No security is perfect, but there's a number of important restrictions built into MashProxy and SearchMash.
The security in MashProxy is based around the Java applet being digitally signed. This signature confirms that the code has not been tampered with, and was written by the author. I'm using a certificate from Verisign, which I had to give solid proof of my identity to obtain.
This proof of identity means that it's very easy to track someone down who did write malicious code. It reduces the decision of 'Do I want to run this code on my machine?' to 'Do I trust the author of the code?'.
I'm an established and reputable open source programmer, as a search on my name will verify, and I've been distributing widely used executable code (such as FreeFrame plugins for many years with no security problems. This should give you some assurance that my intentions are good.
The other question is whether I've done a competent job safeguarding the security in my implementation? I believe I have, and to back that up I'll cover the details of what I've done below. The source code is also freely available through the SourceForge project for anyone who wants to examine it for themselves.
The basic foundation of MashProxy is that signed Java applets running within a web browser are able to fetch pages from anywhere on the web, and aren't restricted by the same-domain policy that controls most page access functions.
My initial attempt at a search mash ran entirely within a signed applet, but I discovered that support for parsing and rendering HTML was too limited in Java, and I wasn't happy with what I could achieve.
Taking what I'd learnt, I looked into other possible ways of implementing the functionality I wanted. JavaScript fitted the bill, since it has great support for page display and parsing, is well supported and documented, and is cross-browser. The one thing it didn't have is the ability to load pages from other domains.
However, it was able to call into a signed applet, and the applet could then load the pages from any domain. So, I took my original code for the full applet, and reduced it to just a single public function to load a web page. I was then able to call it from JavaScript and build SearchMash.

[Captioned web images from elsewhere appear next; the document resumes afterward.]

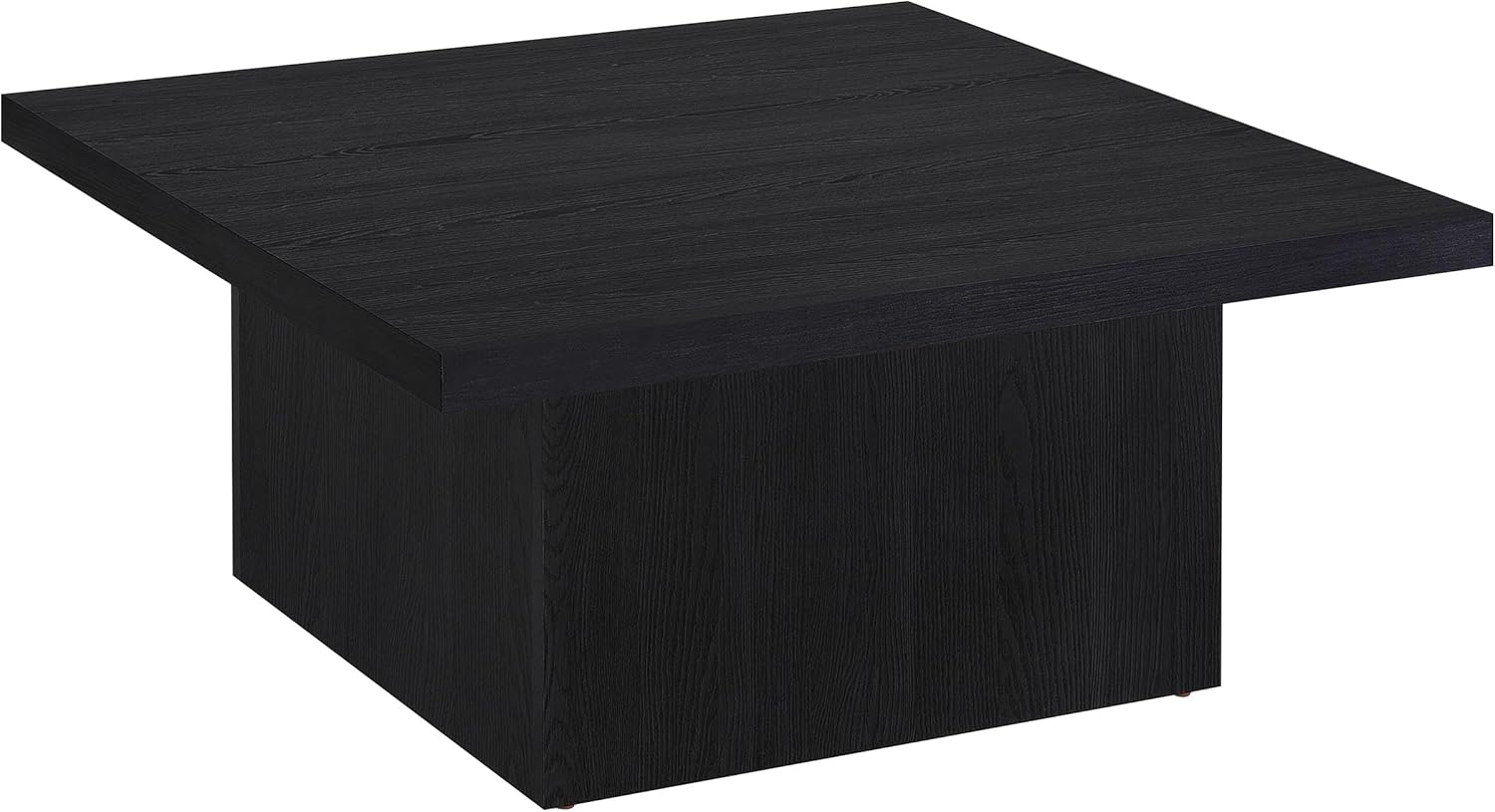 Coaster Home Furnishings - Devar - Wood - Square Coffee Table with Plinth Base, Geometric Design and Contemporary Style - Living Room - Black - 706408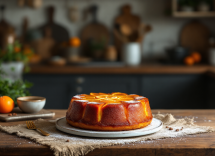 Deliziosa torta rovesciata all'arancia con caramello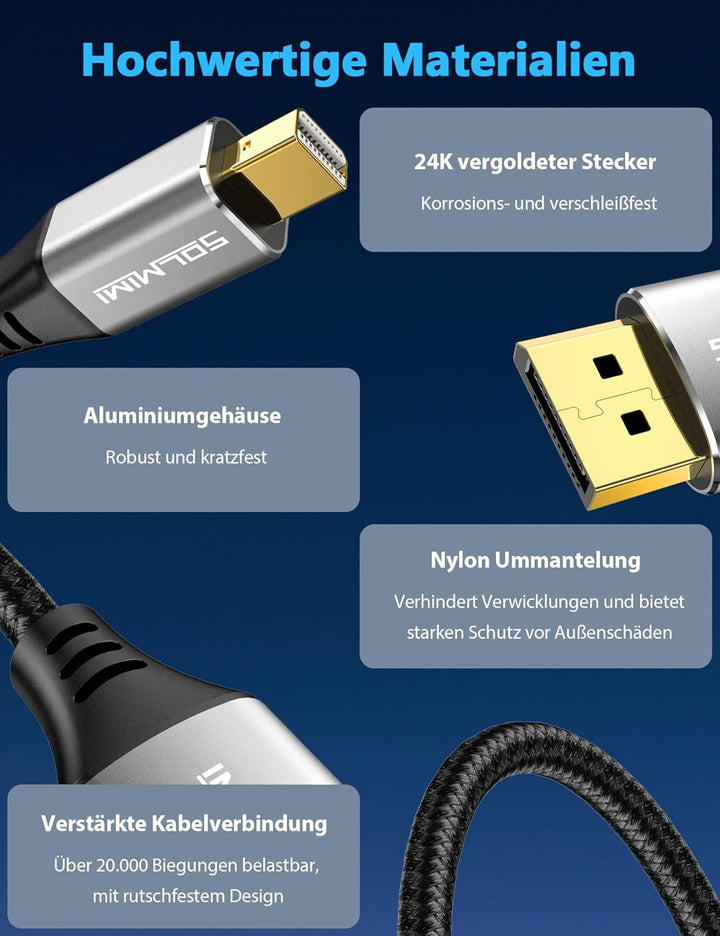 Mini DisplayPort zu DisplayPort Adapter Kabel, 8K@60Hz 4K@144Hz 2K@240Hz, Bidirektional DP 1.4 auf M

Now, since the applet doesn't know what JavaScript is calling it, this opens up a lot of possibilities for abuse. I set out to engineer some restrictions into the applet to prevent malicious usage:
Applet Safeguards
The major safeguard is that I only allow the applet to run from pages on the petewarden.com or mashproxy.com, sites I control. This ensures that the applet can't be used with my signature on other people's sites. I also allow the applet to be run from pages that are on the local machine (checking for file as the protocol), with the assumption that local files are trusted. This means that development using my signed applet will still be possible by third parties using local files, but to deploy they'll need to get a certificate and rebuild their own applet with their site added to the whitelist of trusted domains.
To check the page I'm running on, I call JApplet's getDocumentBase() function, which returns the page that invokes the applet (not the location of the applet, that would still allow untrusted third parties to call it).
I also make sure that all requests begin with "http://", (even though the HTTPURLConnection code that I call in Java shouldn't allow anything else), to restrict any other protocols from being invoked.
The one thing I wasn't able to do was prevent the passing of cookies automatically. I would prefer to always work without cookies, to avoid the possibility of accessing personal data, but these seem to be added automatically by the browser to all requests made through HTTPURLConnection.
SearchMash JavaScript
These are the measures I've taken to ensure the applet can't be used maliciously by someone else. I'll now cover what the JavaScript that implements SearchMash actually does, step by step, to provide evidence it won't leave you vulnerable.
When the main index.html is loaded, it contains three frames, the one for results, the one for the preview, and a small one to hold the applet. The small one is necessary because some browsers don't want to run invisible applets, which seems sensible.
The onload function calls code that Internet Explorer needs to run the applet automatically, because of patent issues. Then, the applet is loaded, and calls back to SB_NotifyAppletLoaded(), which triggers the first fetch of the google search page.
When a search page is loaded, I add JavaScript hooks into the page links so the user can navigate through pages without leaving the mashup. I also add mouse-over hooks to activate the preview frame. I parse all the links in the page, and put in page requests to the applet for all that appear to be external to Google.
The applet calls back to JavaScript when a page is loaded or determined to be missing. If it's an external page, the current search page is searched for the link, the status text is updated, and the contents are stored for later use in the preview frame. If it's a search results page, then the link hooks are added, and the search frame is updated.
At no point in the code is any information from the fetched pages passed back to my site, or any other external site. Those pages never leave your local machine, which ensures that your information is kept private.
Remaining Vulnerabilities
Being able to read from arbitrary domains opens up some malicious possibilities:
- Reading from web pages using the browsers' cookies to access personal information
- Reading from web pages that are within a private intranet
- Passing any information obtained back to the attackers website by encoding the information in a URL
Because the HTML from the remote sites that SearchMash fetches is loaded into frames that have access to the applet, any scripts inside the HTML loaded from external sites could use the applet's functions.
I've added some checks to try and remove scripts from loaded pages, but it's notoriously tough to parse out all scripts (see the myspace samy exploit).
Something that would limit the threat would be removing access to cookies. I'm looking into using a lower level functions in Java, or a third-party library that would do let me disable them.